24 KiB
Support Heal operation for CNF
https://blueprints.launchpad.net/tacker/+spec/support-cnf-heal
This specification describes the "Heal VNF" operation of VNF Lifecycle Management for Container Network Function (CNF) in Tacker.
Problem description
In Victoria
release, the Instantiate and Terminate VNF
operations with VNF Lifecycle Management defined in ETSI
NFV-SOL003 v2.6.1 for CNF are supported in the spec container-network-function.
The CNF heal operation with ETSI specifications also needs to be
implemented. However, the current ETSI NFV-SOL documents have not
defined the detailed specifications for OS container based VNF. This
spec provides the definition of the heal operation for CNF in Tacker and
also the design to be implemented.
According to ETSI NFV-SOL documents, two different types of heal operations are defined:
- Heal VNF instance with SOL003
- Heal VNFC with SOL002
Proposed change
This spec proposes the definition of the heal operation and its design to be implemented.
Definition of CNF healing
For "Heal VNF instance with SOL003", the heal operation is defined to be the termination and instantiation of the VNF.
For "Heal VNFC with SOL002", Pod is mapped to VNFC. Pod can be a singleton or can be created using a controller resource in Kubernetes such as Deployment, DaemonSet, StatefulSet, or ReplicaSet. The heal operation is defined to delete the Pod. When the Pod is a singleton, a new Pod need to be created while the respawn of Pod is not required for the case of controller resources because a new Pod is automatically created by Kubernetes.
Note
The following are defined in Kubernetes as controller resources:
- Deployment
- DaemonSet
- StatefulSet
- ReplicaSet
- Job
- CronJob
Tacker will support the heal operation for singleton Pod or Pod that created using Deployment, DaemonSet, StatefulSet, and ReplicaSet. Pod that created using Job and CronJob is out of scope because no heal operation is required.
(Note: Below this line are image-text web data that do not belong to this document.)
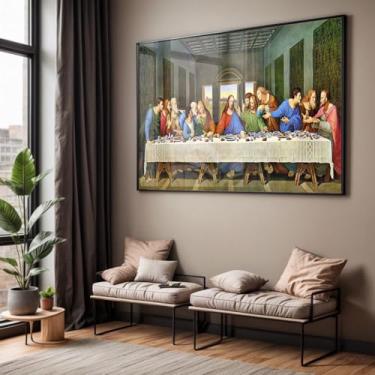 Imagem de Quadro com Moldura e Acrilico Cristal Vidro Sala Quarto Santa Ceia Religioso Decorativo Horizontal Grande Hall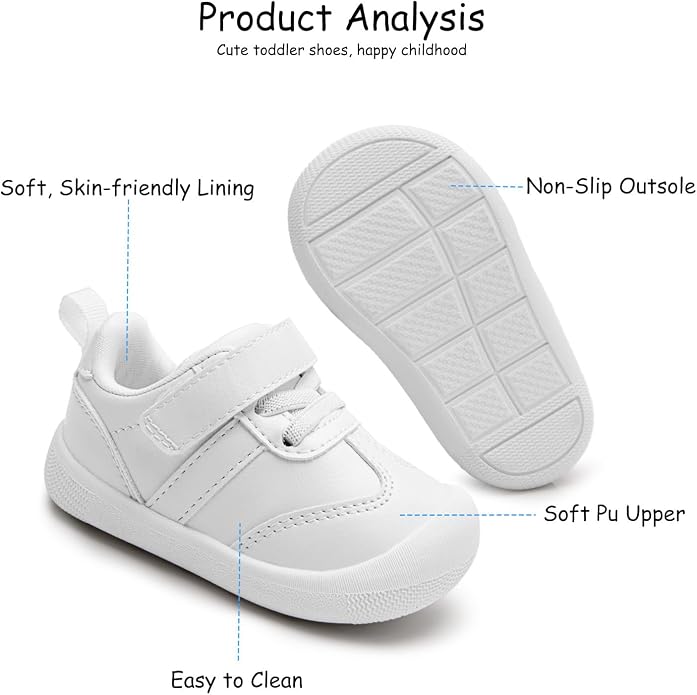 Baby Shoes Boys Girls Barefoot Wide Toe Box Zero Drop First Walkers PU Leather - Image 6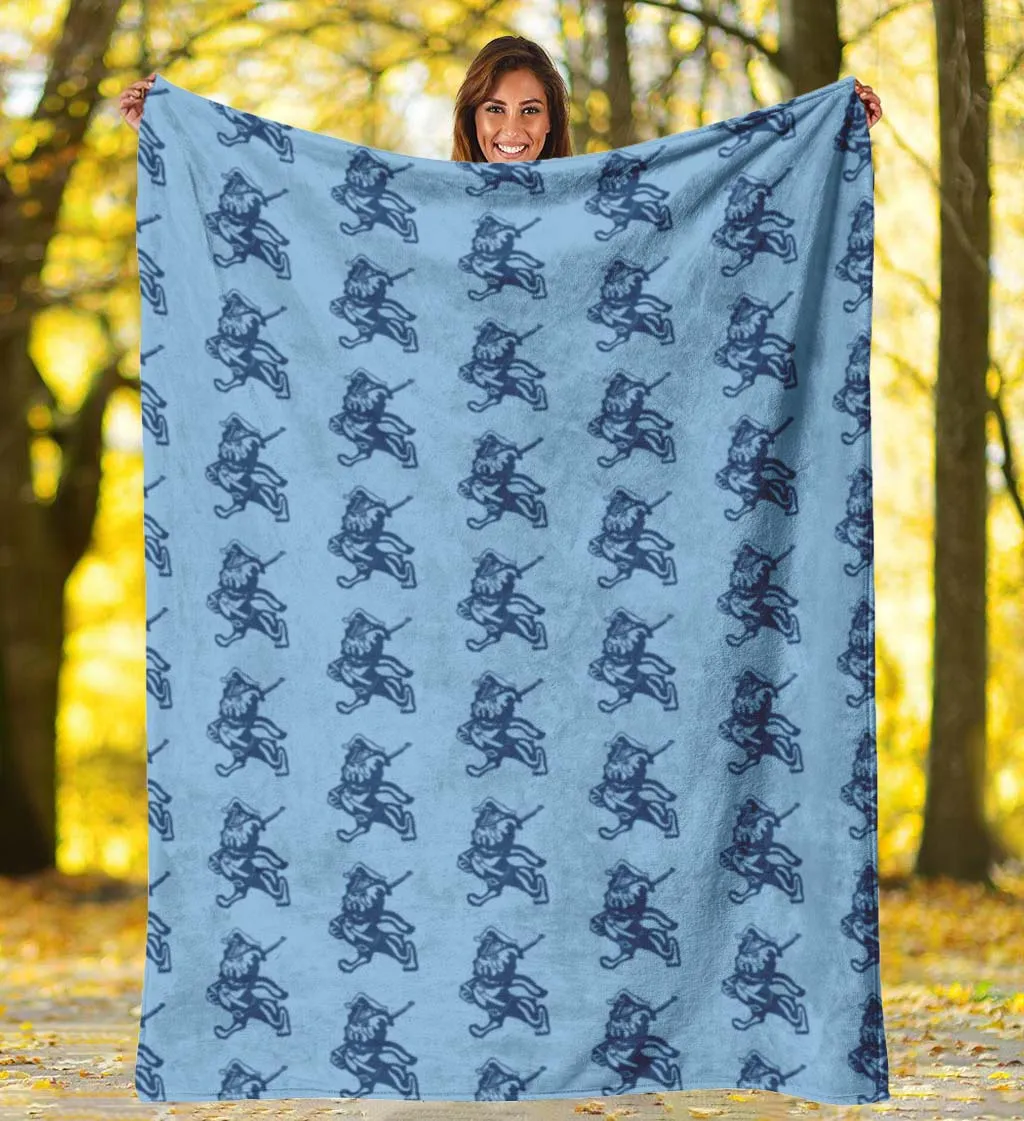 The Citadel, Vintage Marching Bulldog logo, Citadel Blue Blanket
When Users execute "Heal VNF instance with SOL003", all Kubernetes resources described in VNF Package are re-created, but, for the case of StatefulSet, assigned PersistentVolume by the PersistentVolumeClaim which is automatically created by Kubernetes is not deleted. Also, in "Heal VNFC with SOL002", only the Pod specified with the provided VNFC ID is re-created and other related resources are not deleted.
Design of heal operation
Before the heal operation, CNF containing the resources need to be instantiated. Kubernetes Infra Driver needs following changes:
- To validate the target Kubernetes resource to support the heal operation
- To heal VNFC by re-create singleton Pod.
- To heal VNFC by delete Pod that created using following Kubernetes
controller resources:
- Deployment
- DaemonSet
- StatefulSet
- ReplicaSet
- To store and update the VNFC resource information for the heal operation
Note
The heal operation for VNF instance with SOL003 has been already implemented to be the termination and instantiation of VNF.
The diagram below shows the CNF heal operation for instantiated CNF:
+--------------------+
| Heal Request with |
| additional Params |
+--------+-----------+
| 1. Request heal
| CNF
+--------+----------------+
| v |
| +-------------------+ |
| | Tacker-server | |
| +-----+-------------+ |
| | |
| v |
| +--------------------+ |
2. Heal CNF | | +--------------+ | |
+--------+-+--| Kubernetes | | |
+------------------+ 3. Re-create | | | | Infra Driver | | |
| | VNF or VNFC v | | +--------------+ | |
| +-----+ +-----+ | +------------+ | | | |
| | Pod | | Pod |<-+-------------| Kubernetes | | | | |
| +-----+ +-----+ | | cluster | | | | |
| | | (Master) | | | | |
| Kubernetes | +------------+ | | Tacker conductor | |
| cluster (Worker) | | +--------------------+ |
+------------------+ +-------------------------+
- Tacker-server receives the heal request from user
- Kubernetes Infra Driver calls Kubernetes client API for healing (delete Pod, or delete and create Kubernetes resources)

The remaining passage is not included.